Wednesday, December 17, 2008

Christmas Tamales

Every year I make tamales at Christmastime. Other people make gingerbread houses. I have tried to make a gingerbread house exactly four times in my life, with exactly four fiascoes. I have resolved never to try again, but you never know. I am quite certain that I won't be trying again until Heather is old enough to ask me why we never make gingerbread houses like all the other kids.

Anyway, here's the tamale recipe. For your reading enjoyment, at the end of the recipe there are some photos and helpful hints as well.

Oh-and you might wonder where I learned to make tamales. The fact is, I learned to LOVE tamales when I was an LDS missionary, but I learned to MAKE tamales through trial and error (lots of error) over about 10 years.

(recipe taken from side of the "Maseca for Tamales" bag, and then adapted to my liking)

4-5 lbs boneless pork loin or shoulder (you may substitute chicken or beef)
Tamale Dough (see below)
2 or 3 pkgs of taco seasoning mix
1-2 tsp of red pepper (this can be omitted if you don't want the extra kick)
1 ½ cup water
1 bag corn husks

Put meat in crock pot, covered with water and cook on low overnight, or until very tender. Remove inner pot from heating element, and refrigerate until ready to make tamales (1-2 days max). Remove from refrigerator. Skim fat. Warm up broth in microwave to use in dough. Put pork in a fry pan with the water, taco seasoning, and red pepper. Simmer until pork separates and looks like shredded port (see picture). Turn temperature to very very low, and let simmer while you make the tamale dough. (see below).

Soak corn husks for a few minutes (I just fill up one side of the kitchen sink) and rinse well. Spread masa evenly (and thinly) over corn husks with the back of a spoon. Place a line of meat (about 1-2 Tablespoons) down the center. Fold both sides to the center, fold bottom up, and crease. Place in steamer. Cover with lid or a wet cloth and steam until dough appears to be set, 1 to 1 ½ hours.

Makes one large stock pot full of tamales (approx. 45-50 small)

6 cups of maseca for tamales
6 cups of lukewarm broth or water
3 tsp. Baking powder
1 1/2 tsp. Salt
2 cups lard of vegetable shortening (I ALWAYS use shortening)

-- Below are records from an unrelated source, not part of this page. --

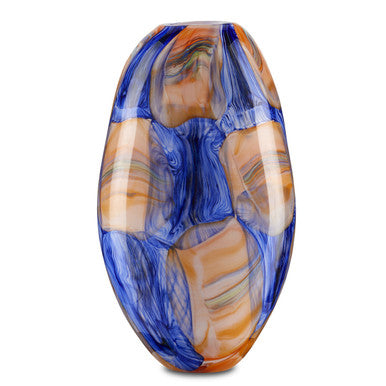 Currey & Co. Negroli Blue & Orange Glass Vase 1200-0562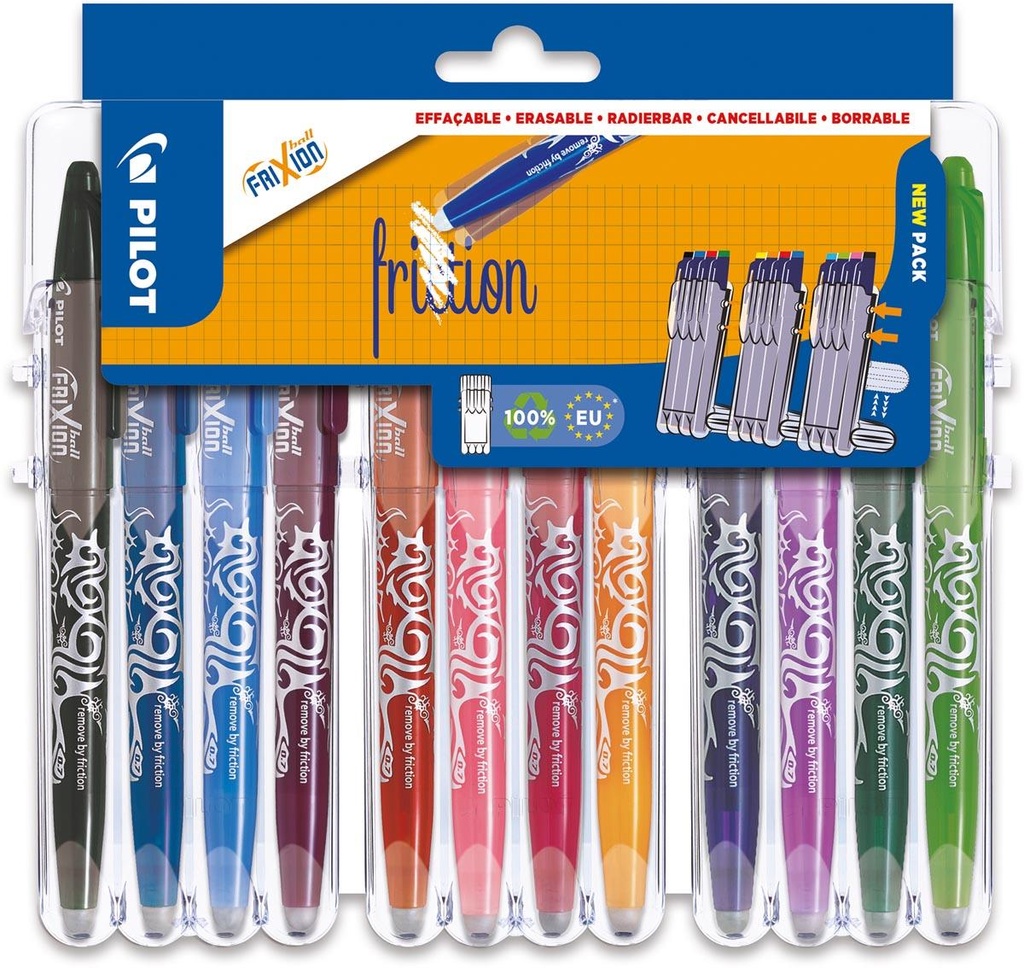 Roller Pilot Frixion Ball assorti (12)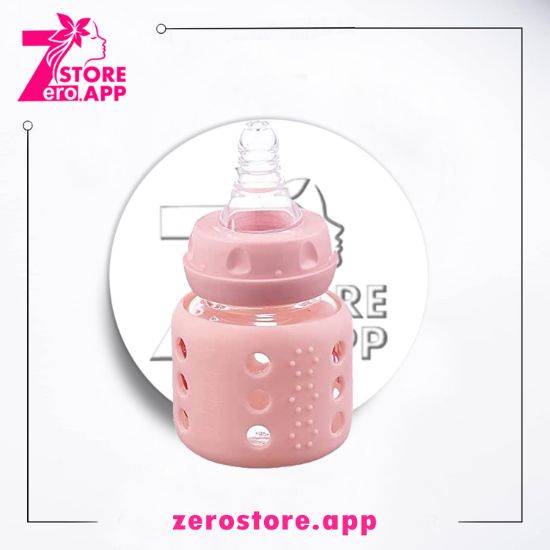 صورة سمارت بيبي ببرونة زجاج مغطا من سيلكون   ، 60 مل  - بينك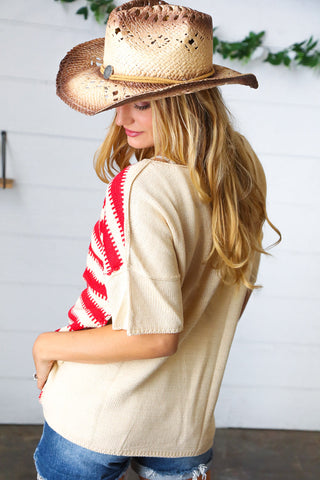 American Flag Jacquard Knit Sweater Top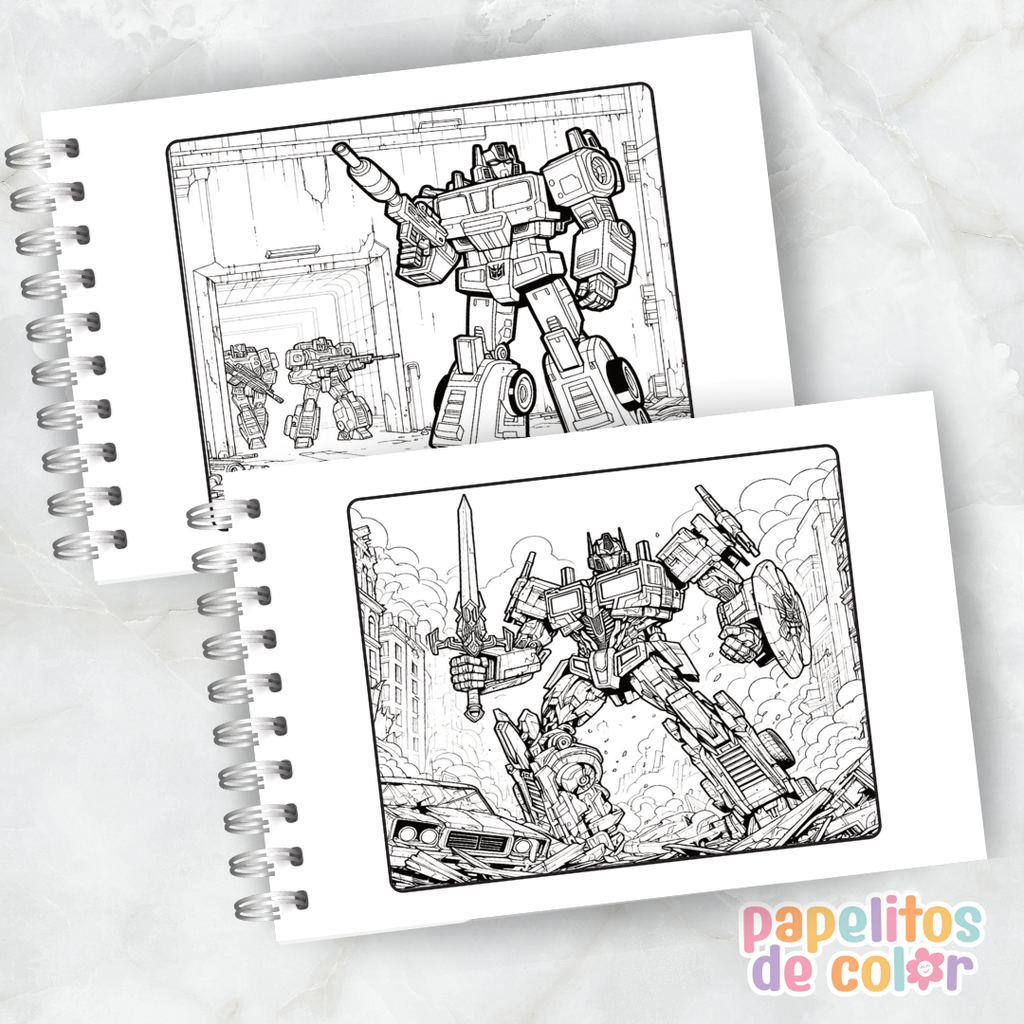 🤖🎶 Libro para pintar Transformers ⚡🎨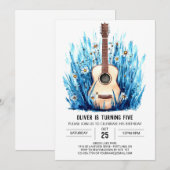 Akoestische afdrukbare gitaar jongen verjaardag kaart (Voorkant / Achterkant)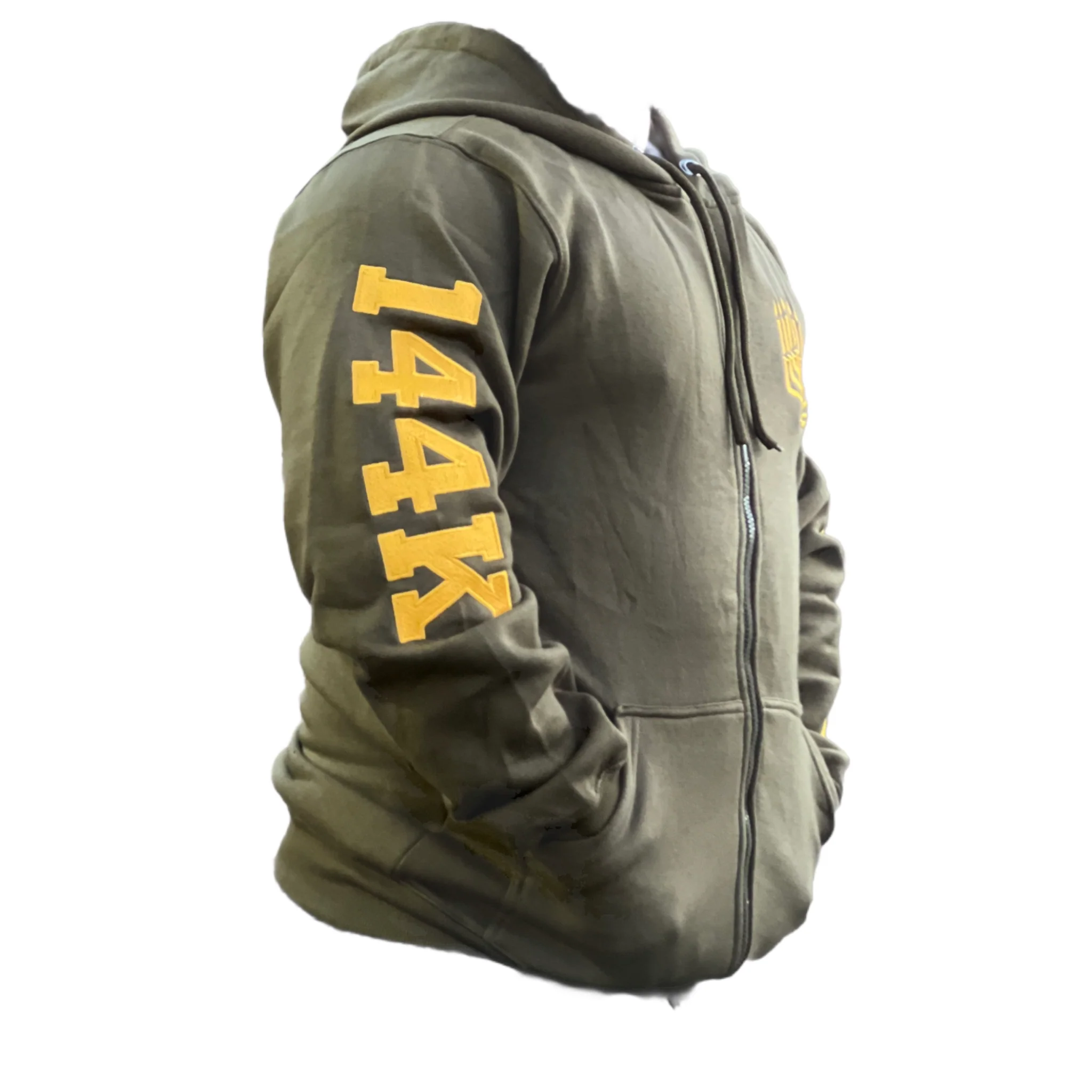 MEN'S ISRAEL EMBROIDED FRONT ZIPPER HOODED SWEATSHIRT - Image 9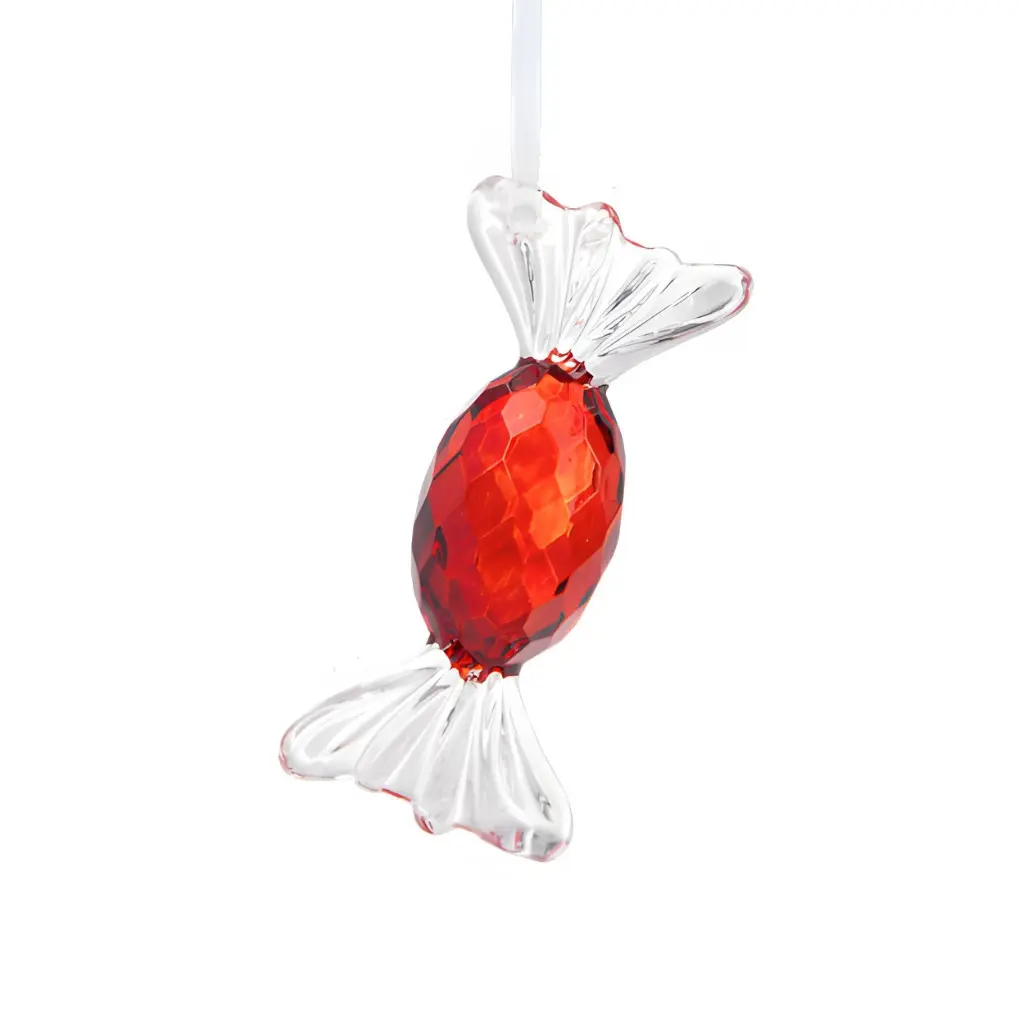 Red Acrylic Wrapped Oval Candy Ornament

Put shortening in kitchen aid, beat until fluffy. Add Baking Power & Salt, and then alternate water and Maseca. Beat until dough has a spongy texture.
* * *
That's the end of the recipe, and now here are the
Helpful Hints

Helpful Hint #1:
If you happen to own a sweatshirt featuring your favorite professional football team, this is a good time to wear it. Of course, you'll want to cover said sweatshirt with an apron (preferably a yellow one), so you don't get it splattered with pork juice or tamale dough.

Helpful Hint #2:
Playing your favorite Christmas music while making the tamales makes the tamales turn out more tasty. Trust me on this one.

Helpful Hint #3:
Put a glass of water on the strainer as well as pouring some water into the bottom of the pan. It helps you have more steam.

Helpful Hint #4:
If you can get the Kitchen Aid, the fry pan with the pork in it, and the stock pot with the strainer all in a line, it speeds up the assembly process significantly.

Helpful Hint #5:
Here are some pictures of the whole tamale assembly procedure. I guess this isn't really a hint, but I think it's probably pretty helpful.

Final Helpful Hint (#6):
It's WAAAY more fun to make tamales if you do it along with a friend or family member. (If the family member happens to stay awake during it all, so much the better.)

And there you have it. All is well with us these days. It's been snowy and cold, but we have a warm home and superb people that surround us on every side. If that's not enough to keep us toasty, I don't know what is.


Ryan + Angie said...

I love your tamale tradition!

Bamamoma said...

I love your tamales! Seriously, they are the BEST I've ever tasted! We can't wait to see you soon.